* EXERCISE
Your copy starts at the line containing "Past Simple - ESL worksheet by Elliechris" and ends at the last line below. Copy exactly, without pictures.

* EXERCISE DATA
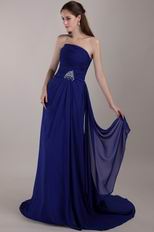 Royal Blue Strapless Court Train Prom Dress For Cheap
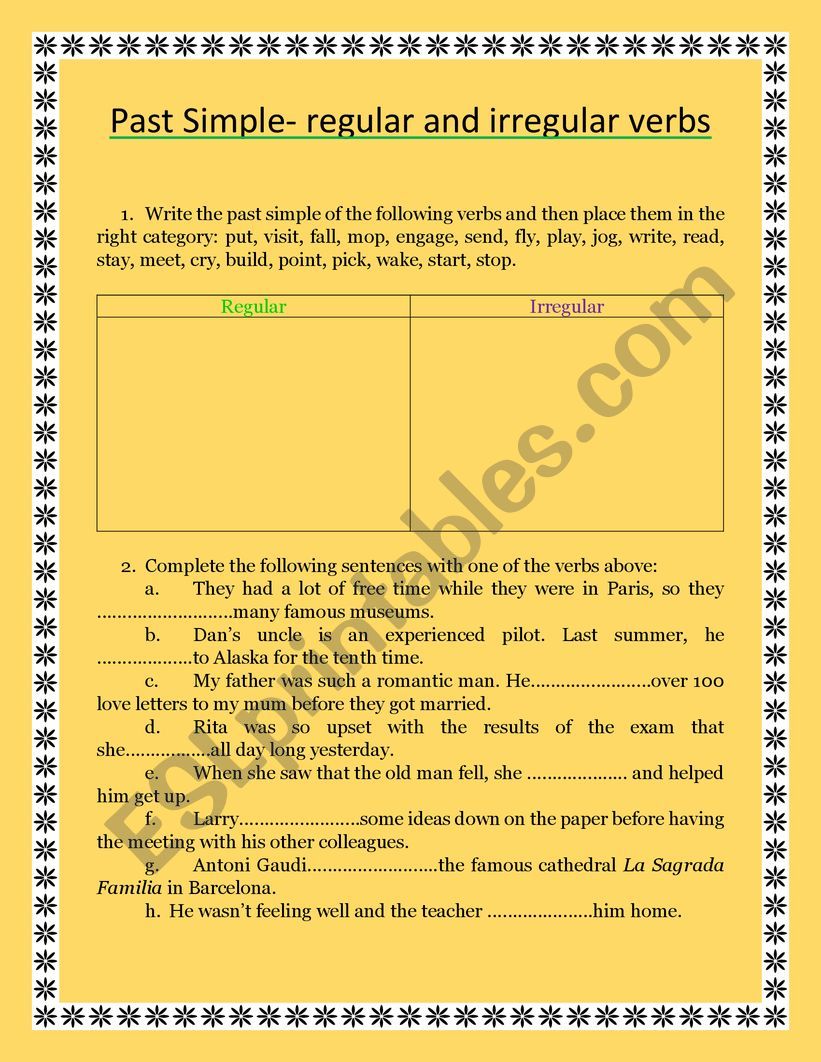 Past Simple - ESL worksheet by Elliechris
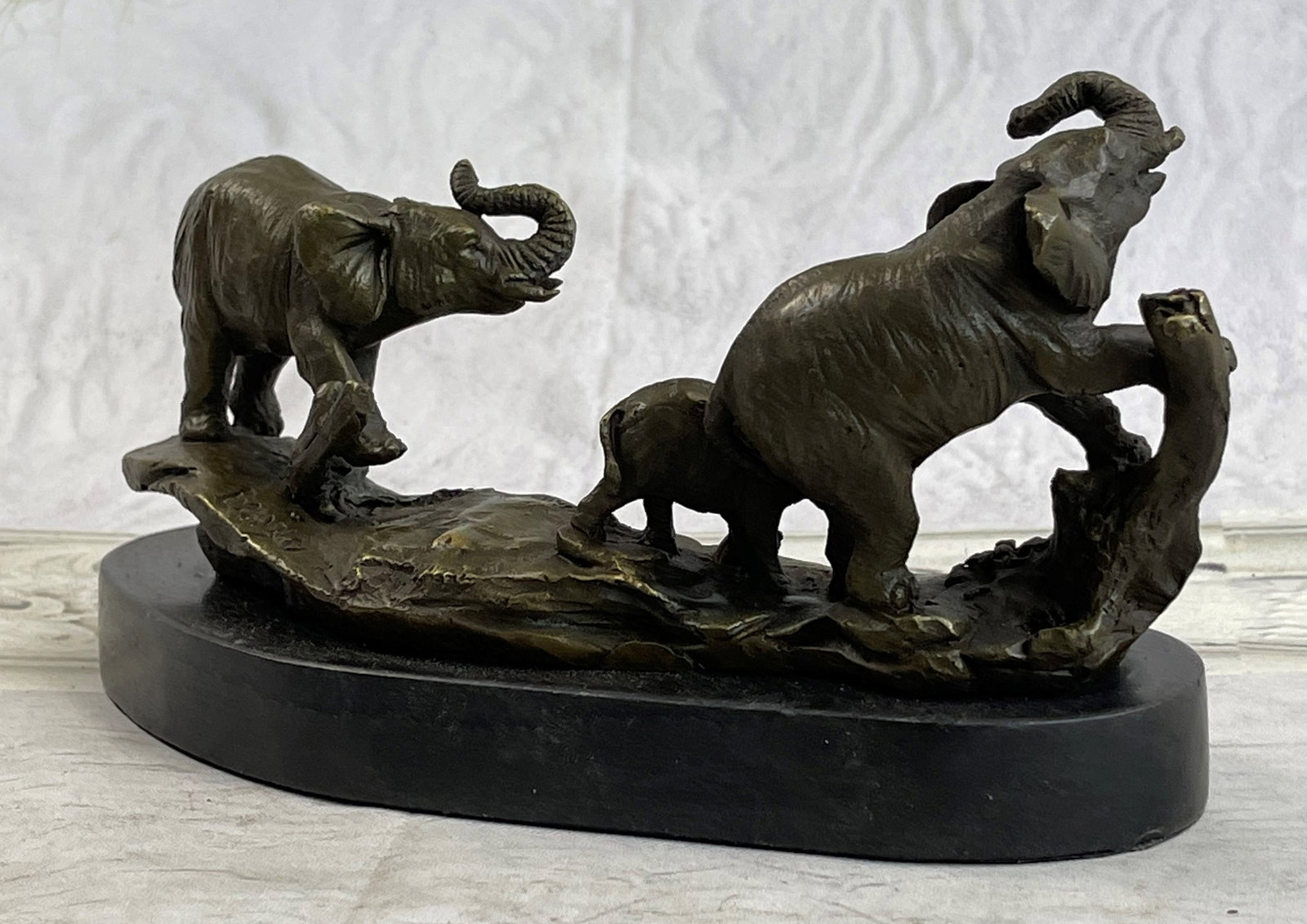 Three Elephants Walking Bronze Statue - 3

* REPLY TO THE TASK
 Past Simple - ESL worksheet by Elliechris
 Three Elephants Walking Bronze Statue - 3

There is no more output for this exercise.